What Is the MACD Study?

MACD (Moving Average Convergence/Divergence) is an oscillator study that shows the relationship between two moving averages (typically EMA) of a security’s price. 


It is used by traders to identify changes in direction or strength of a stock’s price trend. It can help investors detect when the recent momentum in a stock’s price might signal a change in its underlying trend.


The MACD line is calculated by subtracting a long term moving average from a short term moving average of your choosing.


This technical indicator also provides a signal line, an average of that difference. For example, you might plot a 9-day moving average of the MACD historical values.


Trade Signals and Formula


The MACD trade signals and formula are outlined in the corresponding MACD Strategy.



Interpreting the MACD Study


The difference between the MACD and signal values is plotted as a histogram, which may sometimes give you an early sign that a crossover is about to happen. 


If MACD is above the signal line, the histogram will be above the MACD’s baseline, or zero line.


If MACD is below its signal line, the histogram will be below the MACD’s baseline. 


Investors use the MACD histogram to identify when bullish or bearish momentum is high—and possibly overbought / oversold.


MACD indicators can be interpreted in many ways, but the most common methods are crossovers, divergences, and rapid rises/falls.


MACD Crossovers


When the MACD value falls below the signal line, it is a bearish signal.
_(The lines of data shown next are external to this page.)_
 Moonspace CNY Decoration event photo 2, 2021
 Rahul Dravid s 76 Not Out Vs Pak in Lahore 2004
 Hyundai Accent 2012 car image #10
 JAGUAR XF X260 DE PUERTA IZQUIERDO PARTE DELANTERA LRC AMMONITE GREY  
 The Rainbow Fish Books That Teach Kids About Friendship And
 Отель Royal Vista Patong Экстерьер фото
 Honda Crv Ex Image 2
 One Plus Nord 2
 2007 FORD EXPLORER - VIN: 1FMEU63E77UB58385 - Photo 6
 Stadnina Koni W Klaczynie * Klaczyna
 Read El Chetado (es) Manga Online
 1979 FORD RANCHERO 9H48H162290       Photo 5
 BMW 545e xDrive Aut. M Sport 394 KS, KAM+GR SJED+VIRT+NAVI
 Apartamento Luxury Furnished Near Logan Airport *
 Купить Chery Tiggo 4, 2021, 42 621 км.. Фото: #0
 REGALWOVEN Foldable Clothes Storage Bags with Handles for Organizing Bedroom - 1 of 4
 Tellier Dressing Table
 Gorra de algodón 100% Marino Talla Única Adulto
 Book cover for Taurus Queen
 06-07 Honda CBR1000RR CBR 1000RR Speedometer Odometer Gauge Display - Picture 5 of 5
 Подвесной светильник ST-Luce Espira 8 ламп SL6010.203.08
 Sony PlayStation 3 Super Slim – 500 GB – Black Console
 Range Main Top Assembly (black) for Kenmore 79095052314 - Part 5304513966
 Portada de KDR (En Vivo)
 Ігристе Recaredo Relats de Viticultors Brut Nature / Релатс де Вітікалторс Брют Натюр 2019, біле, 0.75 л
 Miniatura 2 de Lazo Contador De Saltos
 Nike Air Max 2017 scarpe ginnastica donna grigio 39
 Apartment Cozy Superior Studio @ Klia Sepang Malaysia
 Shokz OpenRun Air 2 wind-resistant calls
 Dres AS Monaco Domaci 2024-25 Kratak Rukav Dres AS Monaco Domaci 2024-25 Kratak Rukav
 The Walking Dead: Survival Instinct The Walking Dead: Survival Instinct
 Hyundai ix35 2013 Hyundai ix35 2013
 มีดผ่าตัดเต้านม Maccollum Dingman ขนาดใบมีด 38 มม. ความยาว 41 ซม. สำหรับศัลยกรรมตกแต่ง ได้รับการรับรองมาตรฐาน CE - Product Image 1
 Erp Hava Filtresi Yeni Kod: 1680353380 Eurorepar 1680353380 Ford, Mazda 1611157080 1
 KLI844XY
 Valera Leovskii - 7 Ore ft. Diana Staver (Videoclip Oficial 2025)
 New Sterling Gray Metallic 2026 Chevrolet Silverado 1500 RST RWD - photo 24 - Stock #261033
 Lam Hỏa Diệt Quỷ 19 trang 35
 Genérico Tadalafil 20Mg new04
This indicates that it is time to sell. 


Conversely, when MACD rises above the signal line, the indicator gives a bullish signal. This suggests that the price of the stock will experience upward momentum. 


Some traders wait for a confirmed cross above the signal line before entering a position to reduce the chances of being faked out and entering a position too early.


That said, crossovers are more reliable when they conform to the prevailing trend. 


For example, if the MACD value crosses above its signal line after a period of downside correction within a longer-term uptrend, this qualifies as a bullish confirmation and indicates the uptrend will likely continue.


And, if MACD crosses below its signal line following a brief move higher within a longer-term downtrend, traders would consider that a bearish confirmation.


Source: Investopedia (2022)
Figure 1: Bearish confirmation



MACD Divergence


When MACD forms highs or lows that exceed the corresponding highs and lows on the price, this is called a divergence


A bullish divergence happens when MACD forms two rising lows that correspond with two falling lows on the price. This is a valid bullish signal when the long-term trend is still positive.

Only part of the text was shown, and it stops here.